What the exercise asks
Taking the data below, please print only the lines from the line holding "Newface Xiaomi Redmi" to the line holding "Dylan 1/4 Zip Sherpa Pullover - Image 3", inclusive, with pictures omitted.

Source records
========================

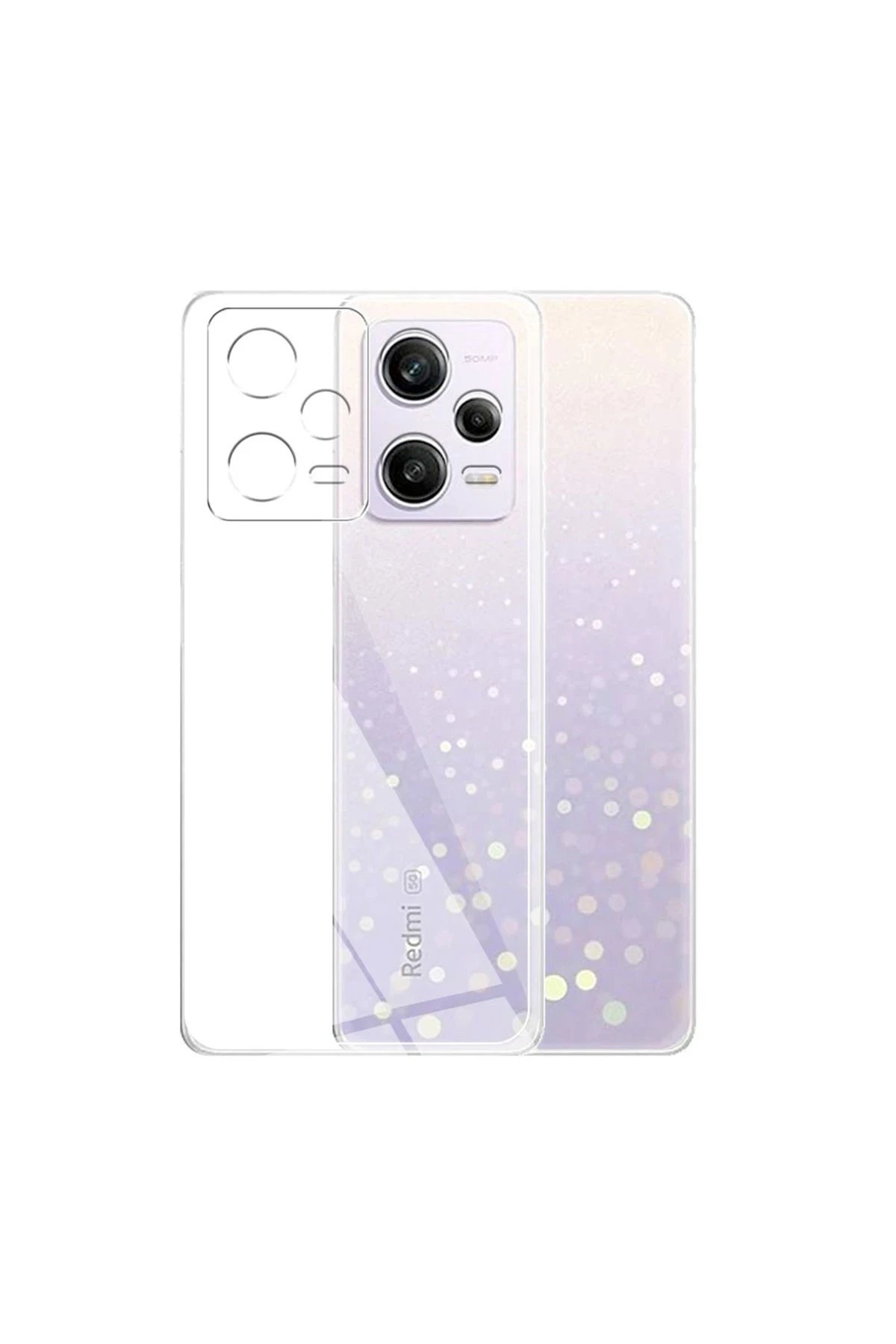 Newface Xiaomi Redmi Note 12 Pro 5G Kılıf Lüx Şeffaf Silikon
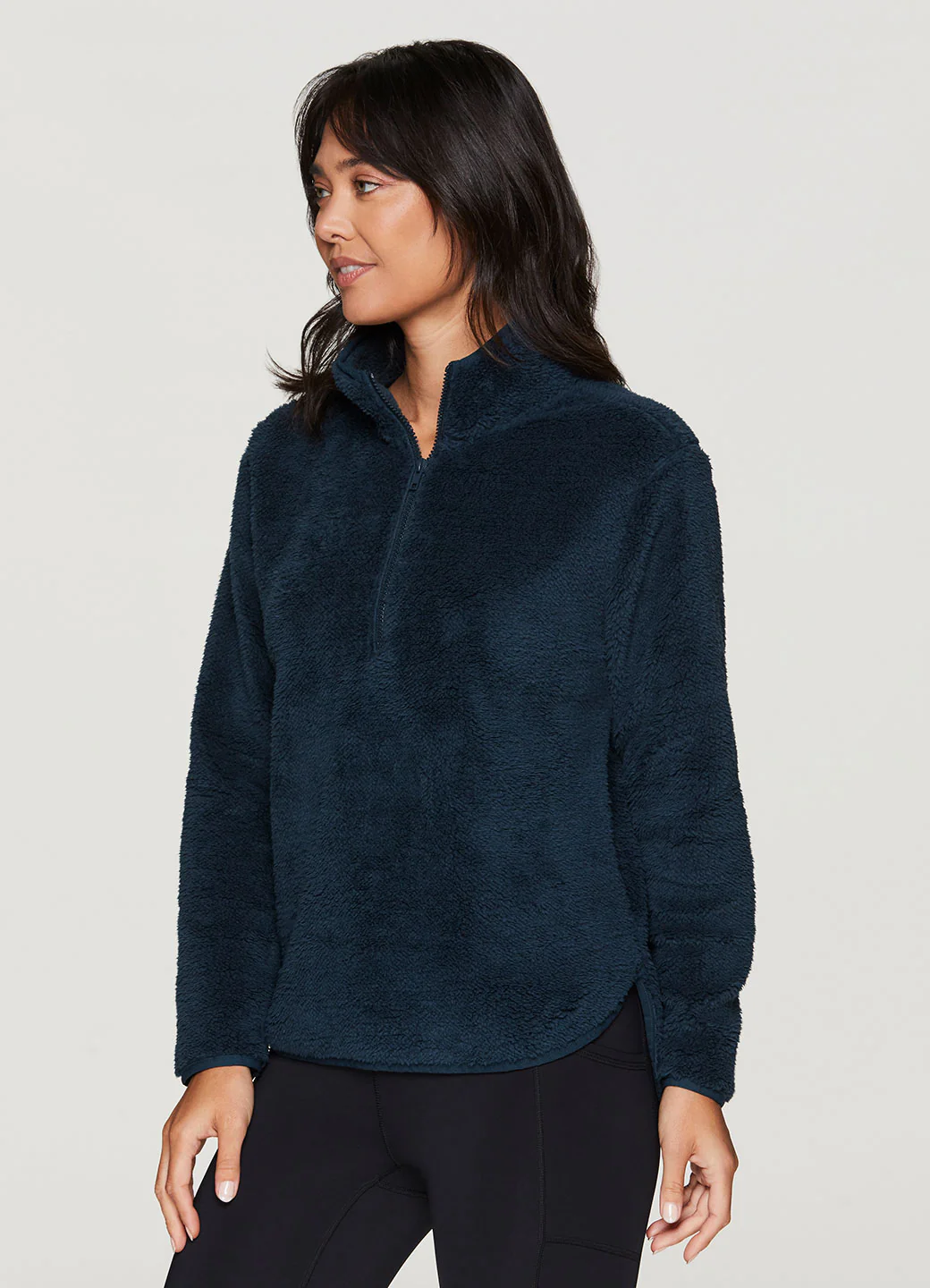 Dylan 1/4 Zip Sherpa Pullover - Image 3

========================

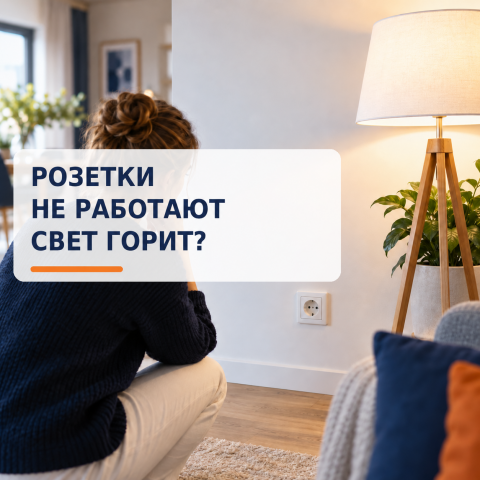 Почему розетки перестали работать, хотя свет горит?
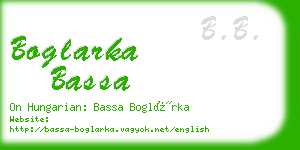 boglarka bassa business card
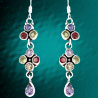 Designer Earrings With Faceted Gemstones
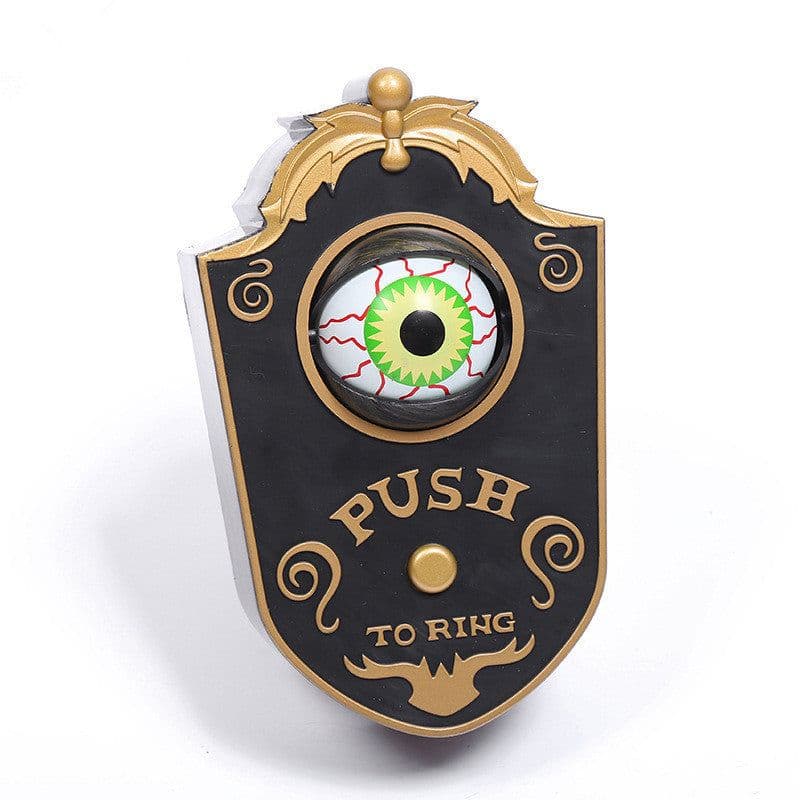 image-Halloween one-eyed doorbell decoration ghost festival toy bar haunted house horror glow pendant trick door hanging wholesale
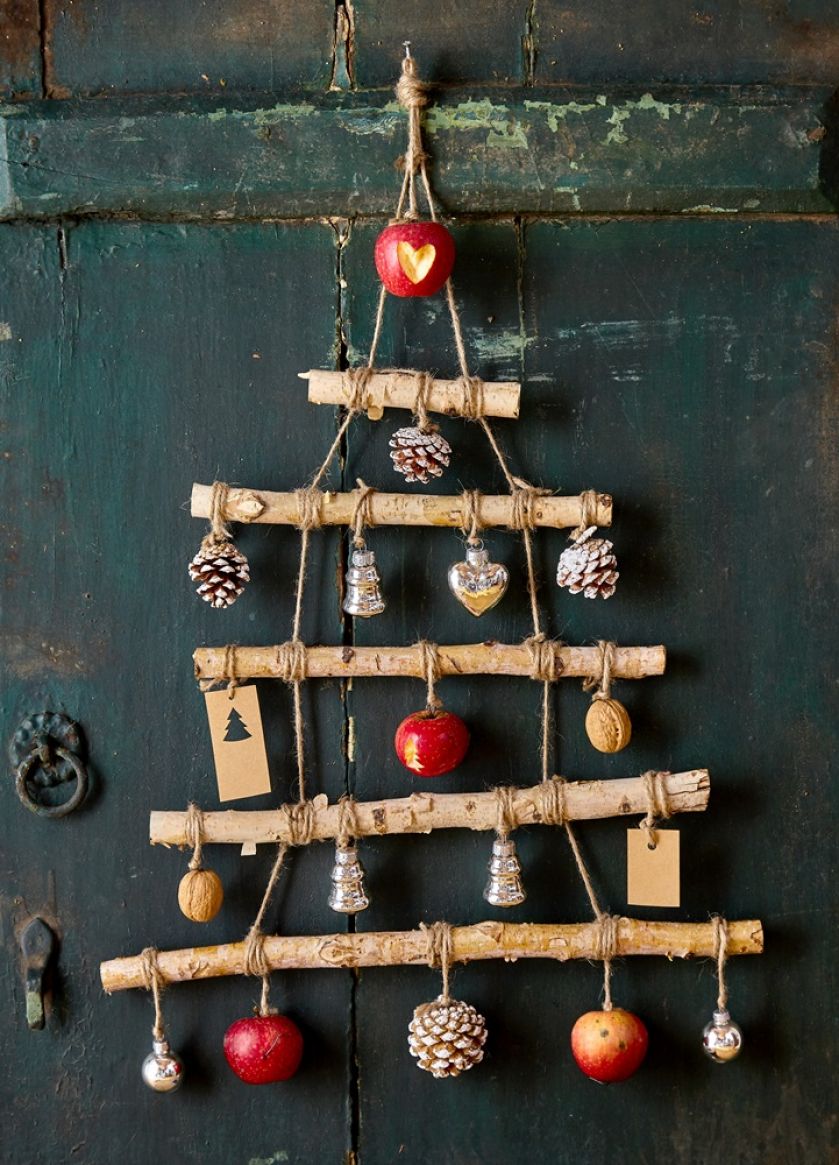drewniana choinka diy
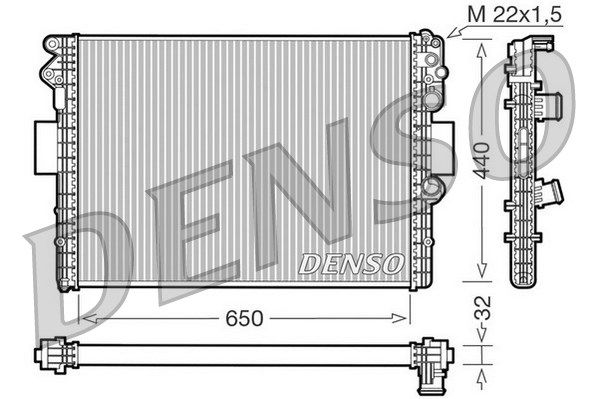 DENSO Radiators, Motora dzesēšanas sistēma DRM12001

========================

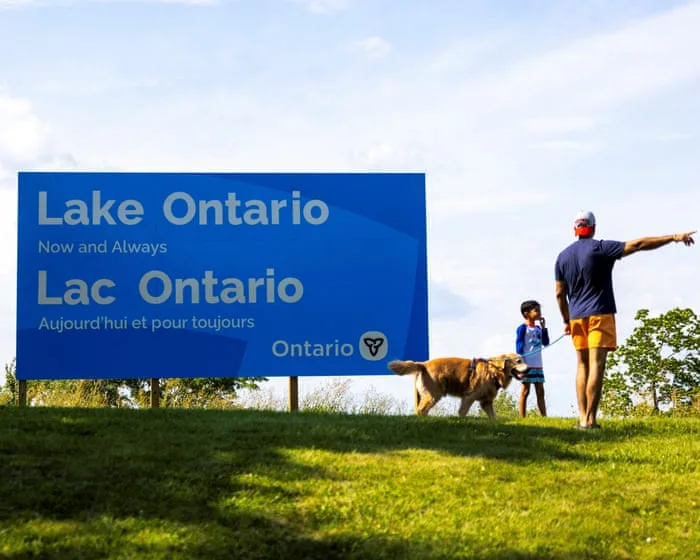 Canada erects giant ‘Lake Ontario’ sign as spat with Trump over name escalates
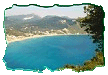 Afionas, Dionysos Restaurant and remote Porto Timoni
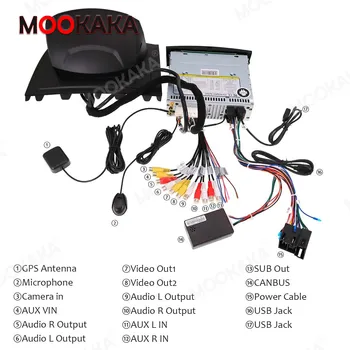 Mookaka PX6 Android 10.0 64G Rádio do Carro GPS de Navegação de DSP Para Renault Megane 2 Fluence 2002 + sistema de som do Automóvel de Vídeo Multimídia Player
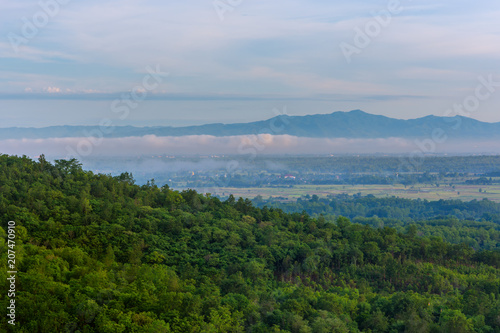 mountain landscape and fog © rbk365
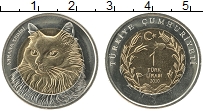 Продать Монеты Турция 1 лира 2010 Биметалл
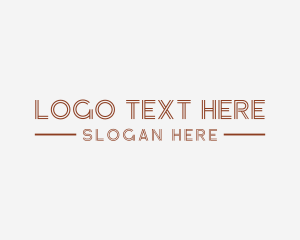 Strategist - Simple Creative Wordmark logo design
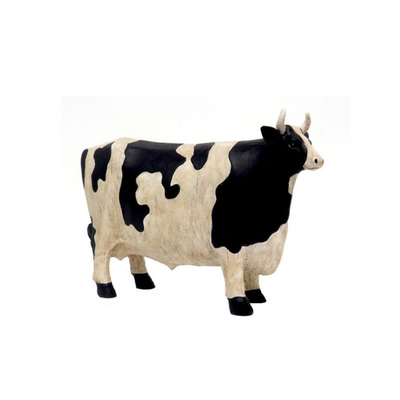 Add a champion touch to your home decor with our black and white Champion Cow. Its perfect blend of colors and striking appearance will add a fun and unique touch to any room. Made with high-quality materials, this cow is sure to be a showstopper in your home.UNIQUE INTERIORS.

========================

Your solution
 Newface Xiaomi Redmi Note 12 Pro 5G Kılıf Lüx Şeffaf Silikon
 Dylan 1/4 Zip Sherpa Pullover - Image 3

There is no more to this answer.